Coming on top of other recent changes — women may now travel abroad without male accompaniment (though they still require male permission), earn graduate degrees in law and engineering, seek divorce and own their own companies — the driving discussion is noteworthy. Whether it signals that women will actually be driving soon or merely talking about it openly remains to be seen.
“We are telling everyone this is coming, whether today or tomorrow,” said Abdallah Samhan, the producer, writer and host of “Tash Ma Tash,” a variety comedy show that airs during the month of Ramadan and tackles controversial social issues in Saudi Arabia. Women have been seen driving in other episodes of the show as well, sending what Mr. Samhan says is a deliberate message.
“A woman cannot be separated from the society and women will be driving, whether it’s now or 50 years from now,” he said. “And there will be a time we will accept it, so now is the time to get prepared for that.”
In another popular Saudi show, “Amsha Bint Amash,” a woman who loses her father and is forced to move to the city masquerades as a man to get work as a taxi driver.
There is more. Saudi newspapers have begun writing about the implications and acceptability of women driving. The Saudi Human Rights Council, a government-backed advocacy organization, has begun researching the potential effects of women driving on families and Saudi society.
And most recently, a group of Saudi women have led an ambitious petition drive asking the king to repeal the ban, placing the issue at the heart of a discussion about modernity and Saudi Arabia’s place in the world. And unlike the last such petition in 1990, the government seems mildly receptive rather than hostile.
“You get the feeling that they are preparing the population for this issue,” said Wajeha al-Huweidar, 45, one of the organizers. “It is just like the decision to allow women education. They resisted it, but now it’s a reality.”
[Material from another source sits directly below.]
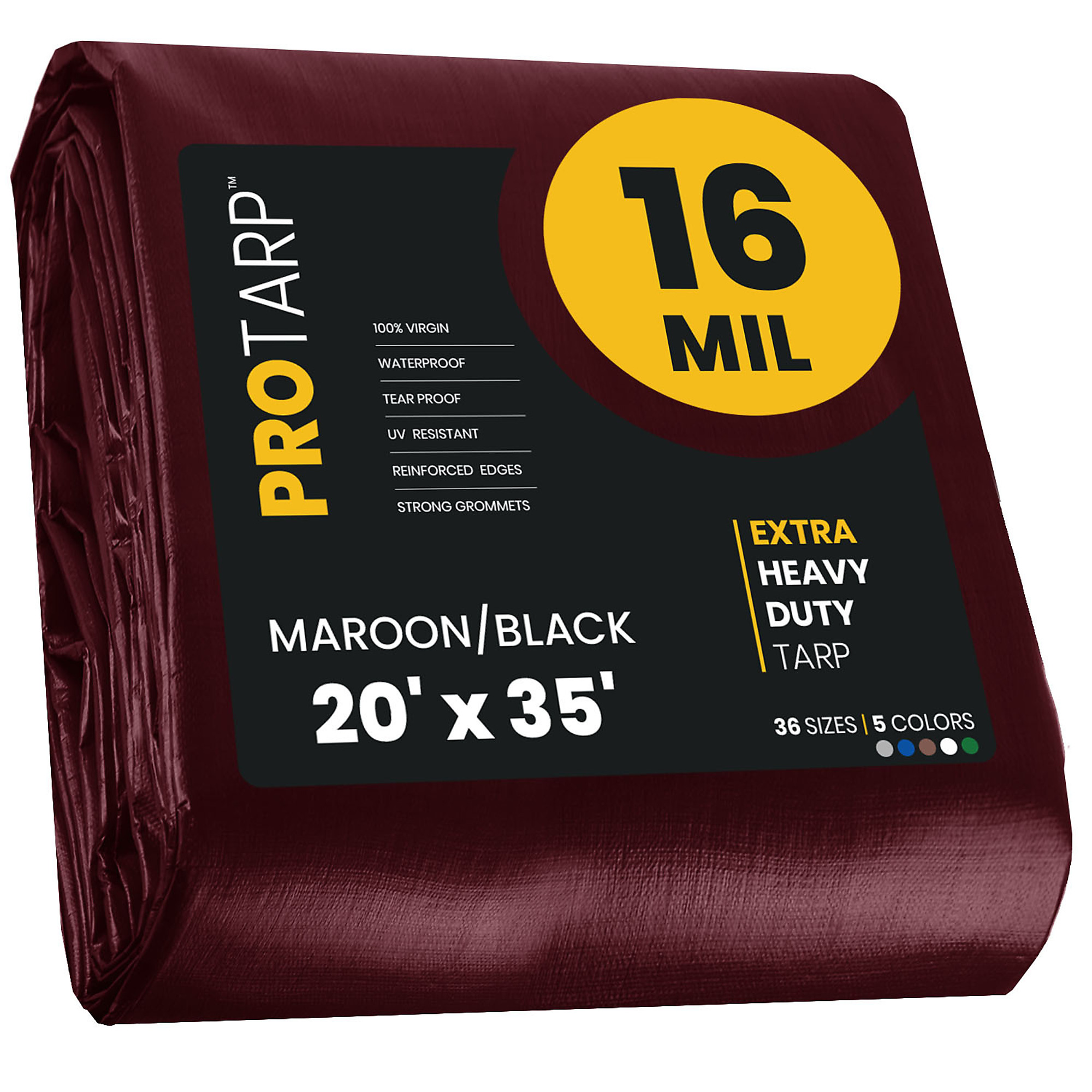 PROTARP Extra Heavy Duty 16 Mil Tarp Cover, Waterproof, UV Resistant, Rip and Tear Proof, Poly Tarpaulin with Reinforced Edges for Roof, Camping, Patio, Pool , Boat. (Maroon/Black 20' X 35')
On Sunday, Ms. Huweidar and some 1,100 other women sent the petition to King Abdullah, demanding that women be given the right to drive, citing the lack of any religious reasoning against it.
Some Saudi officials and clerics agree with the women that Islam does not forbid women from driving. In the past, Saudi women were able to move freely on camel and horseback, and Bedouin women in the desert openly drive pickup trucks far from the public eye. Two years ago, Ahmed al Zulfa, a member of the shura consultative council, suggested that the council consider allowing women to drive, causing an uproar.
Clerics and religious conservatives maintain that allowing women to drive would open Saudi society to untold corruption. Women alone in cars, they say, would be more open to abuse, would become wayward, and would get into big trouble if stopped by police or involved in an accident. The net result would be an erosion of social mores.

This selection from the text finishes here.